START Source material

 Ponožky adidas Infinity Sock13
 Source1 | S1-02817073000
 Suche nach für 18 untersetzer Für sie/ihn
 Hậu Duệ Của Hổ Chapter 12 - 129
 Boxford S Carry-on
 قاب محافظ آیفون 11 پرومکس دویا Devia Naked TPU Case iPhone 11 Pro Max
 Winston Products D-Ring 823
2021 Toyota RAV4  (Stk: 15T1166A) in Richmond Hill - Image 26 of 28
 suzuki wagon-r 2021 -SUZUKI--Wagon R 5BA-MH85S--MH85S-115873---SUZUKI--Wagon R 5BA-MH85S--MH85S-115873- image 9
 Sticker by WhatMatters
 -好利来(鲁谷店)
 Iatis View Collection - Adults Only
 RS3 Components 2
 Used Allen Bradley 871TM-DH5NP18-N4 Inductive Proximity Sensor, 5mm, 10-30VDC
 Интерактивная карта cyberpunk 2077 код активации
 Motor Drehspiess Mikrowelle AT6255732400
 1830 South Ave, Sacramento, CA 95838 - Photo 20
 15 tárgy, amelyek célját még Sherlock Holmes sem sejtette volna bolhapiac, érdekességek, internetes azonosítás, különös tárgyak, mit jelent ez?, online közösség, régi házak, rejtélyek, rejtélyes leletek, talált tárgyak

END Source material
START Source material

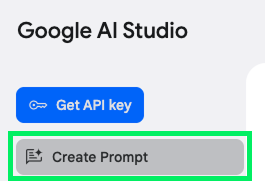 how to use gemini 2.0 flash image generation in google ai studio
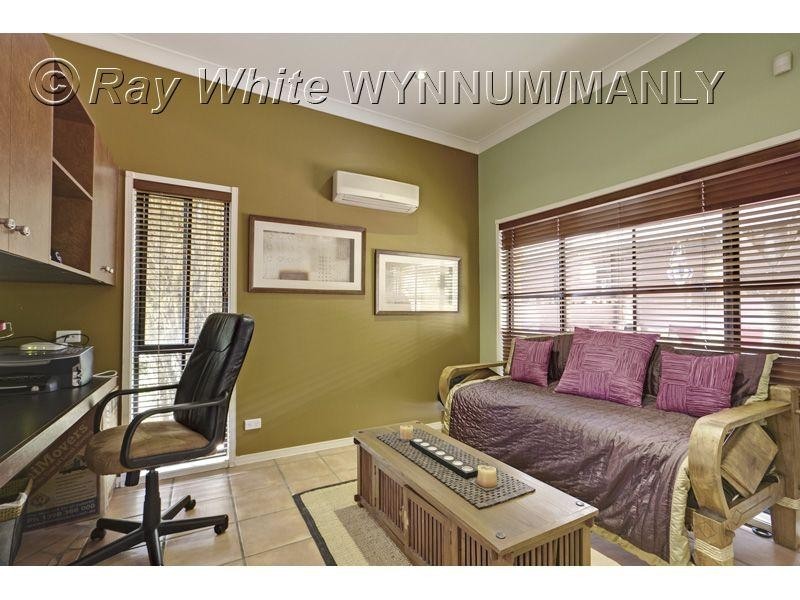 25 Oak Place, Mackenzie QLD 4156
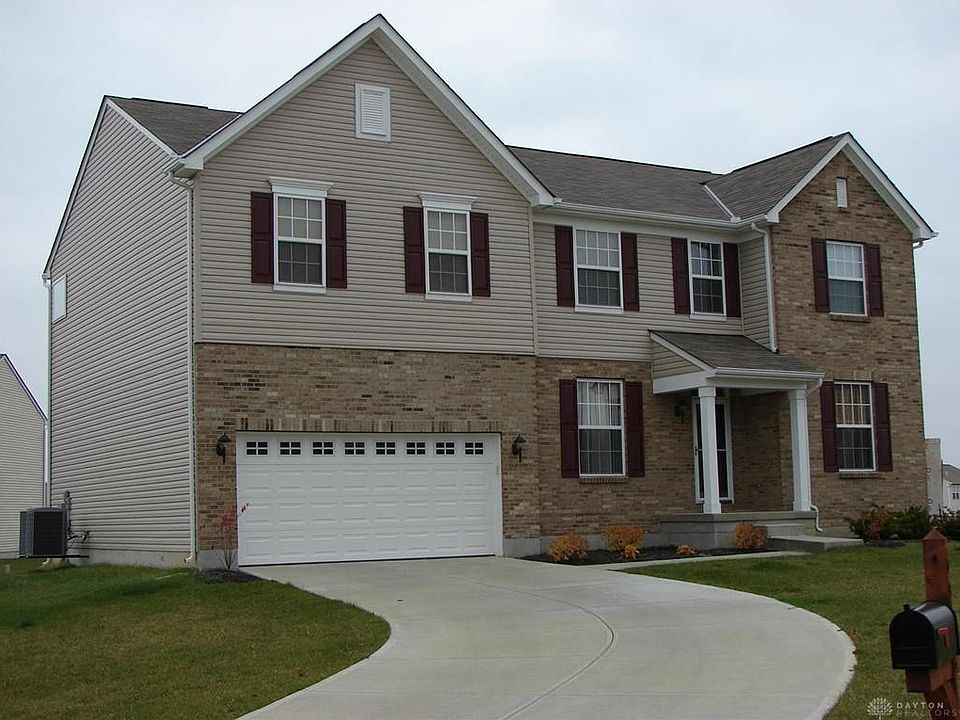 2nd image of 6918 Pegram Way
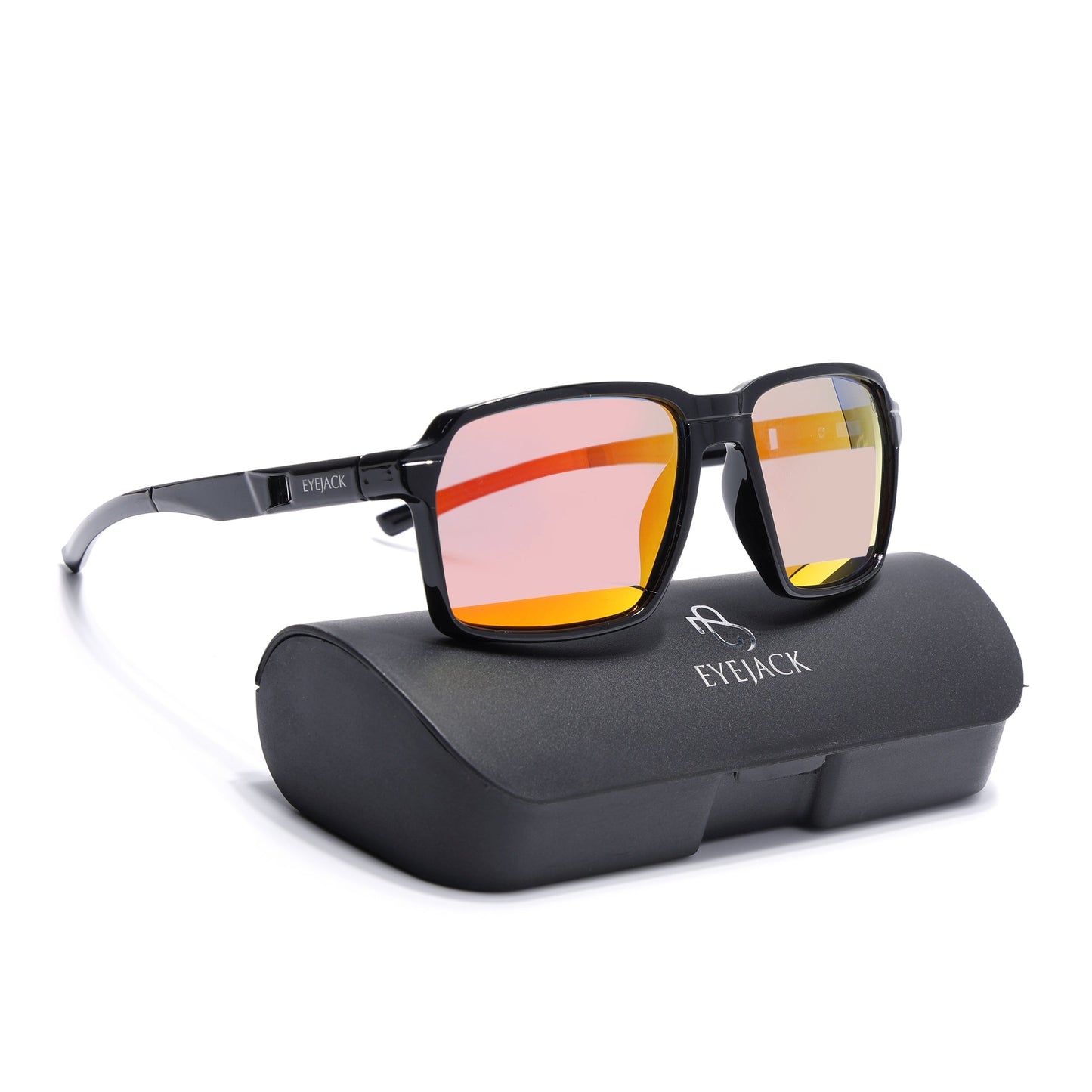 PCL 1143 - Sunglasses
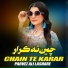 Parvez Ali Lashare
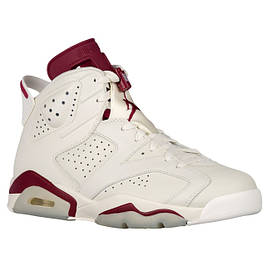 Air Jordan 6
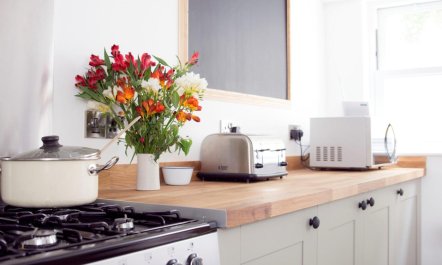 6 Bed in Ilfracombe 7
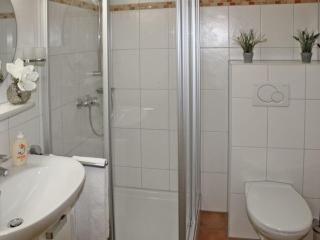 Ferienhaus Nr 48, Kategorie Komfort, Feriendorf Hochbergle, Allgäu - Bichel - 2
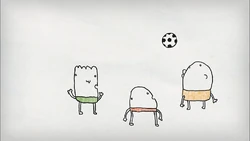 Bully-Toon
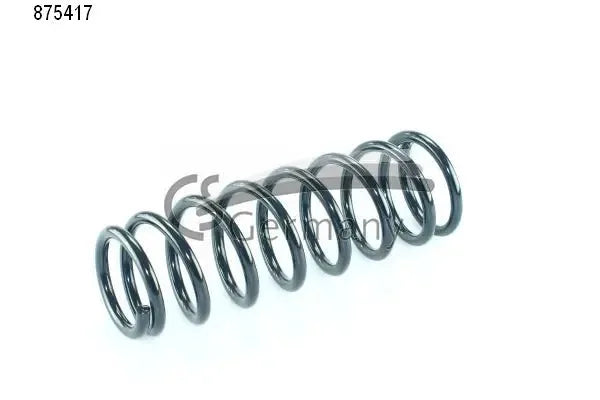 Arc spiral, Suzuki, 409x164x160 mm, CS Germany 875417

END Source material

▶ _Assignment_:
Retype only this portion of the data above: the line containing "Ponožky adidas Infinity Sock13", the line containing "15 tárgy, amelyek", and all lines between them, exactly.

▶ _Exercise answer_:
 Ponožky adidas Infinity Sock13
 Source1 | S1-02817073000
 Suche nach für 18 untersetzer Für sie/ihn
 Hậu Duệ Của Hổ Chapter 12 - 129
 Boxford S Carry-on
 قاب محافظ آیفون 11 پرومکس دویا Devia Naked TPU Case iPhone 11 Pro Max
 Winston Products D-Ring 823
2021 Toyota RAV4  (Stk: 15T1166A) in Richmond Hill - Image 26 of 28
 suzuki wagon-r 2021 -SUZUKI--Wagon R 5BA-MH85S--MH85S-115873---SUZUKI--Wagon R 5BA-MH85S--MH85S-115873- image 9
 Sticker by WhatMatters
 -好利来(鲁谷店)
 Iatis View Collection - Adults Only
 RS3 Components 2
 Used Allen Bradley 871TM-DH5NP18-N4 Inductive Proximity Sensor, 5mm, 10-30VDC
 Интерактивная карта cyberpunk 2077 код активации
 Motor Drehspiess Mikrowelle AT6255732400
 1830 South Ave, Sacramento, CA 95838 - Photo 20
 15 tárgy, amelyek célját még Sherlock Holmes sem sejtette volna bolhapiac, érdekességek, internetes azonosítás, különös tárgyak, mit jelent ez?, online közösség, régi házak, rejtélyek, rejtélyes leletek, talált tárgyak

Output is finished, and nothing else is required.